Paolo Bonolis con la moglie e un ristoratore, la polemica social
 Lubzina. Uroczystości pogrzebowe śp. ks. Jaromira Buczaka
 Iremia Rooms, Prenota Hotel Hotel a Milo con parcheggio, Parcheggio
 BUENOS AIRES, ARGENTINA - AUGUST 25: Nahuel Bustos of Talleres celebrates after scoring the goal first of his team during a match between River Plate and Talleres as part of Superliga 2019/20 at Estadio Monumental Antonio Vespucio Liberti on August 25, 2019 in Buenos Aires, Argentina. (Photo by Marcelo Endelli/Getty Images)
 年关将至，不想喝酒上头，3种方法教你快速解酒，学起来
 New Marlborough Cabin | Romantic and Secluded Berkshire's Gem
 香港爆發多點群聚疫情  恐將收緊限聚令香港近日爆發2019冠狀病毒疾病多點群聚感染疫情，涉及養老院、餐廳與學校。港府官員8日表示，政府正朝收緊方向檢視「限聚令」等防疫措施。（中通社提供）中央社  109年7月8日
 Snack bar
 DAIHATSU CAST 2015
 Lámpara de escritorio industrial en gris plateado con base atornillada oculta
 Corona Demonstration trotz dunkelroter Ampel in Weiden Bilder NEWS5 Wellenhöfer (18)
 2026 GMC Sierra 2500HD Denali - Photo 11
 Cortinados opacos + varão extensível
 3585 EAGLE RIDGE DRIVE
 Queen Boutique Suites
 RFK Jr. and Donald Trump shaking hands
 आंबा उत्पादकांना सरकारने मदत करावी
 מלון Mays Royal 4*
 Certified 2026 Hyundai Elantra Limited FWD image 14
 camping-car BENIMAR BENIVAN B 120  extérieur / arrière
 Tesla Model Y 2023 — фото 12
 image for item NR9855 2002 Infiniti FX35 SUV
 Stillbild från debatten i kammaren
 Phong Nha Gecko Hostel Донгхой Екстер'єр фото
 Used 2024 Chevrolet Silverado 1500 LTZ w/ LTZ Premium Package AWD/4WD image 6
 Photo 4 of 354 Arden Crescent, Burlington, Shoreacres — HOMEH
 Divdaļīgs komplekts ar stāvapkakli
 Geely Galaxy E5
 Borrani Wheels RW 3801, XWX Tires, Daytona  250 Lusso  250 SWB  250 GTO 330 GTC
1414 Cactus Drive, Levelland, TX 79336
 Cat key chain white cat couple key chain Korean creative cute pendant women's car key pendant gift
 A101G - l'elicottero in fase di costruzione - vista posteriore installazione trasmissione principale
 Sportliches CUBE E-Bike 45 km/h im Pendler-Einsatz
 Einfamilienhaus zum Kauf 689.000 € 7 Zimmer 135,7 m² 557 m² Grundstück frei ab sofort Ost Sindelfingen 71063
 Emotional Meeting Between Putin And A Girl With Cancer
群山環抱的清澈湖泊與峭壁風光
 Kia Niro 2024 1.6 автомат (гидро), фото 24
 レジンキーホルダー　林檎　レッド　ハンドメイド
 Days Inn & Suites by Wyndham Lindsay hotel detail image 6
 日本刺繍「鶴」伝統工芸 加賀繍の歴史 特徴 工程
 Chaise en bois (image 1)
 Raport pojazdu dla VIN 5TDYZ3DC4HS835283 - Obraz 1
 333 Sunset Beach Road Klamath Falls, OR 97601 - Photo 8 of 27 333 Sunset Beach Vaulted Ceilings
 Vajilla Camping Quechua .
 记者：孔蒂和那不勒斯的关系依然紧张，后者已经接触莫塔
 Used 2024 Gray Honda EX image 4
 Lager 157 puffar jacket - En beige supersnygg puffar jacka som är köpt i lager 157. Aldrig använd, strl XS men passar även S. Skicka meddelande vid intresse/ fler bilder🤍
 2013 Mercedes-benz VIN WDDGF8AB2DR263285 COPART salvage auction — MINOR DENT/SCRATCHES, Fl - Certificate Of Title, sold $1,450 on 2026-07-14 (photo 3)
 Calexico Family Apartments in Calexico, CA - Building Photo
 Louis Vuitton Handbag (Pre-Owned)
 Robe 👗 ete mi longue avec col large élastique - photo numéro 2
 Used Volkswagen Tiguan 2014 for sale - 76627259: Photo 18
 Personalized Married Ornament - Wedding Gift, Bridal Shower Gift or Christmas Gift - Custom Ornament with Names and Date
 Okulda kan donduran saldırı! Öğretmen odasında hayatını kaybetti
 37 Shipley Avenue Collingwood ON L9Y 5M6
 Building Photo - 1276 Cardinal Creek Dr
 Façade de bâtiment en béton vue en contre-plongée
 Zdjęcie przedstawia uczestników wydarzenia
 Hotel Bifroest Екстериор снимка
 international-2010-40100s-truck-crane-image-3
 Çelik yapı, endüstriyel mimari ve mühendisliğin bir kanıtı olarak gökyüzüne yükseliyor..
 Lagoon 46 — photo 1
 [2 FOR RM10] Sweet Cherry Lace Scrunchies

▸ Work item: For this exercise, output the entries above exactly as written.

▸ Exercise answer:
Paolo Bonolis con la moglie e un ristoratore, la polemica social
 Lubzina. Uroczystości pogrzebowe śp. ks. Jaromira Buczaka
 Iremia Rooms, Prenota Hotel Hotel a Milo con parcheggio, Parcheggio
 BUENOS AIRES, ARGENTINA - AUGUST 25: Nahuel Bustos of Talleres celebrates after scoring the goal first of his team during a match between River Plate and Talleres as part of Superliga 2019/20 at Estadio Monumental Antonio Vespucio Liberti on August 25, 2019 in Buenos Aires, Argentina. (Photo by Marcelo Endelli/Getty Images)
 年关将至，不想喝酒上头，3种方法教你快速解酒，学起来
 New Marlborough Cabin | Romantic and Secluded Berkshire's Gem
 香港爆發多點群聚疫情  恐將收緊限聚令香港近日爆發2019冠狀病毒疾病多點群聚感染疫情，涉及養老院、餐廳與學校。港府官員8日表示，政府正朝收緊方向檢視「限聚令」等防疫措施。（中通社提供）中央社  109年7月8日
 Snack bar
 DAIHATSU CAST 2015
 Lámpara de escritorio industrial en gris plateado con base atornillada oculta
 Corona Demonstration trotz dunkelroter Ampel in Weiden Bilder NEWS5 Wellenhöfer (18)
 2026 GMC Sierra 2500HD Denali - Photo 11
 Cortinados opacos + varão extensível
 3585 EAGLE RIDGE DRIVE
 Queen Boutique Suites
 RFK Jr. and Donald Trump shaking hands
 आंबा उत्पादकांना सरकारने मदत करावी
 מלון Mays Royal 4*
 Certified 2026 Hyundai Elantra Limited FWD image 14
 camping-car BENIMAR BENIVAN B 120  extérieur / arrière
 Tesla Model Y 2023 — фото 12
 image for item NR9855 2002 Infiniti FX35 SUV
 Stillbild från debatten i kammaren
 Phong Nha Gecko Hostel Донгхой Екстер'єр фото
 Used 2024 Chevrolet Silverado 1500 LTZ w/ LTZ Premium Package AWD/4WD image 6
 Photo 4 of 354 Arden Crescent, Burlington, Shoreacres — HOMEH
 Divdaļīgs komplekts ar stāvapkakli
 Geely Galaxy E5
 Borrani Wheels RW 3801, XWX Tires, Daytona  250 Lusso  250 SWB  250 GTO 330 GTC
1414 Cactus Drive, Levelland, TX 79336
 Cat key chain white cat couple key chain Korean creative cute pendant women's car key pendant gift
 A101G - l'elicottero in fase di costruzione - vista posteriore installazione trasmissione principale
 Sportliches CUBE E-Bike 45 km/h im Pendler-Einsatz
 Einfamilienhaus zum Kauf 689.000 € 7 Zimmer 135,7 m² 557 m² Grundstück frei ab sofort Ost Sindelfingen 71063
 Emotional Meeting Between Putin And A Girl With Cancer
群山環抱的清澈湖泊與峭壁風光
 Kia Niro 2024 1.6 автомат (гидро), фото 24
 レジンキーホルダー　林檎　レッド　ハンドメイド
 Days Inn & Suites by Wyndham Lindsay hotel detail image 6
 日本刺繍「鶴」伝統工芸 加賀繍の歴史 特徴 工程
 Chaise en bois (image 1)
 Raport pojazdu dla VIN 5TDYZ3DC4HS835283 - Obraz 1
 333 Sunset Beach Road Klamath Falls, OR 97601 - Photo 8 of 27 333 Sunset Beach Vaulted Ceilings
 Vajilla Camping Quechua .
 记者：孔蒂和那不勒斯的关系依然紧张，后者已经接触莫塔
 Used 2024 Gray Honda EX image 4
 Lager 157 puffar jacket - En beige supersnygg puffar jacka som är köpt i lager 157. Aldrig använd, strl XS men passar även S. Skicka meddelande vid intresse/ fler bilder🤍
 2013 Mercedes-benz VIN WDDGF8AB2DR263285 COPART salvage auction — MINOR DENT/SCRATCHES, Fl - Certificate Of Title, sold $1,450 on 2026-07-14 (photo 3)
 Calexico Family Apartments in Calexico, CA - Building Photo
 Louis Vuitton Handbag (Pre-Owned)
 Robe 👗 ete mi longue avec col large élastique - photo numéro 2
 Used Volkswagen Tiguan 2014 for sale - 76627259: Photo 18
 Personalized Married Ornament - Wedding Gift, Bridal Shower Gift or Christmas Gift - Custom Ornament with Names and Date
 Okulda kan donduran saldırı! Öğretmen odasında hayatını kaybetti
 37 Shipley Avenue Collingwood ON L9Y 5M6
 Building Photo - 1276 Cardinal Creek Dr
 Façade de bâtiment en béton vue en contre-plongée
 Zdjęcie przedstawia uczestników wydarzenia
 Hotel Bifroest Екстериор снимка
 international-2010-40100s-truck-crane-image-3
 Çelik yapı, endüstriyel mimari ve mühendisliğin bir kanıtı olarak gökyüzüne yükseliyor..
 Lagoon 46 — photo 1
 [2 FOR RM10] Sweet Cherry Lace Scrunchies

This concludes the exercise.